As such, many of our digital assets aren’t regarded as our property to pass on, even if we created them. For example, unlike a physical letter, an email usually does not belong to the user and can’t be transferred after death.
Passwords and barriers to access
Almost every single digital service provider also has clauses forbidding password sharing in their terms of service. This can also apply to assets that are not digital themselves but where digital access is required, such as an online bank account.
“The prohibition on password sharing can prevent the executor from accessing digital accounts, even where a will stipulates digital records are part of the estate,“ Prof. Vines says. “In other words, while it may be essential for your executor (person who carries out your will) to get access to your email, officially, there is no right for them to do that.”

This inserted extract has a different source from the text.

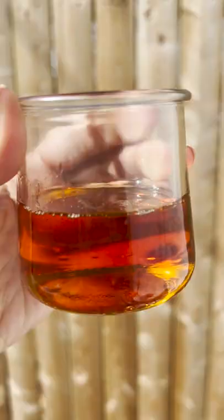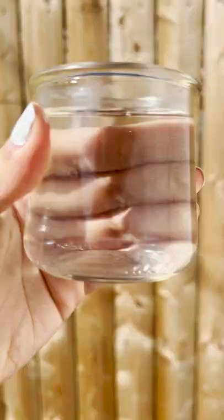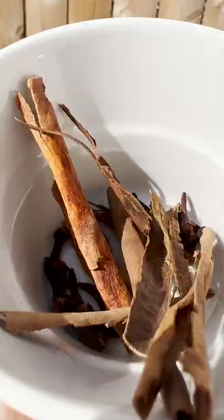Today we are making my mom's recipe of dulce de cereza vegan. Here's what you'll need: one cup of cherries, half a cup of blue agave, one cup of water, then cinnamon sticks and whole cloves.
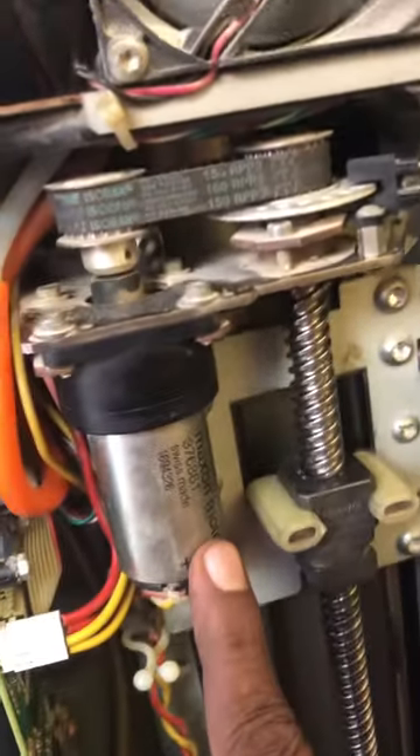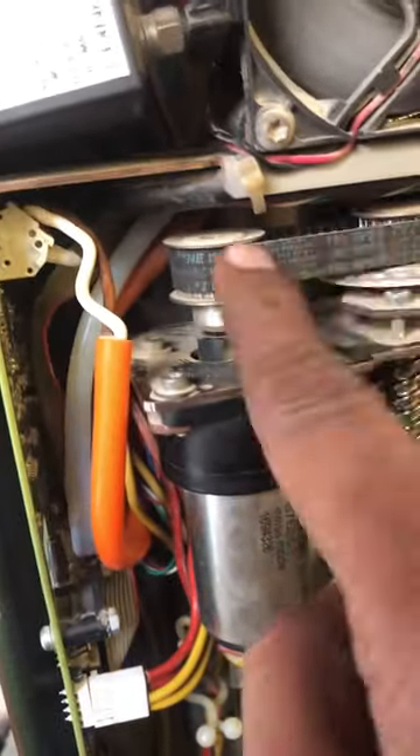This is lift motor. This is lift pad. This shaft is going to lift up and down.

There have been several cases overseas where companies have refused to give access to the digital records of a deceased user because of this provision.
“To get around the problem at the moment, it often amounts to users breaking the contract terms with the provider,” Prof. Vines says. “In reality, we know people do this all the time by casually sharing passwords with others.
“The other workaround seems to be using a password manager to hold all passwords in one place, which the executor can be kept up to date with.”
What about cryptocurrency?
Similar issues exist when leaving virtual currency like Bitcoin in a will. Unlike regular money, which may also be physical, these assets are stored virtually on a blockchain and can only be dealt with digitally.
To access the cryptocurrency, the executor must know where to find its unique private key – a code used in cryptography to authorise transactions and prove ownership of a blockchain asset. If the private key is lost, then so is the Bitcoin.
“With Bitcoin, the paper of physical wallet carries the only copy of the private key, which could be hidden and presumably the executor can be told where,” Prof. Vines says. “Although for secrecy purposes, it may be unwise to put the details of this location in the will itself.”
Reform is needed
Prof. Vines says much-needed reform is likely on the way. The New South Wales Law Reform Commission has proposed legislation for a digital access scheme, where an authorised digital executor could be designated to access digital records of the deceased in a will.
“Ultimately, we need clarity, and now is a good moment for us to create a sensible regime around digital access to assets in succession law,” Prof. Vines says. “There should be a clear statement that the executor is to be treated as the user upon death and entitled to password access to the property in the estate. That way, there will be no confusion, no resistance, and no question of breaking a contract.”
Pending the legislation, in the interim, will-makers can consider documenting their digital assets and recording and storing the details for each account in a secure location.
They can also state in their will that the executor can access the will-maker’s digital assets defined in the will, where the information to access the accounts can be located, and instructions for how each asset should be dealt with.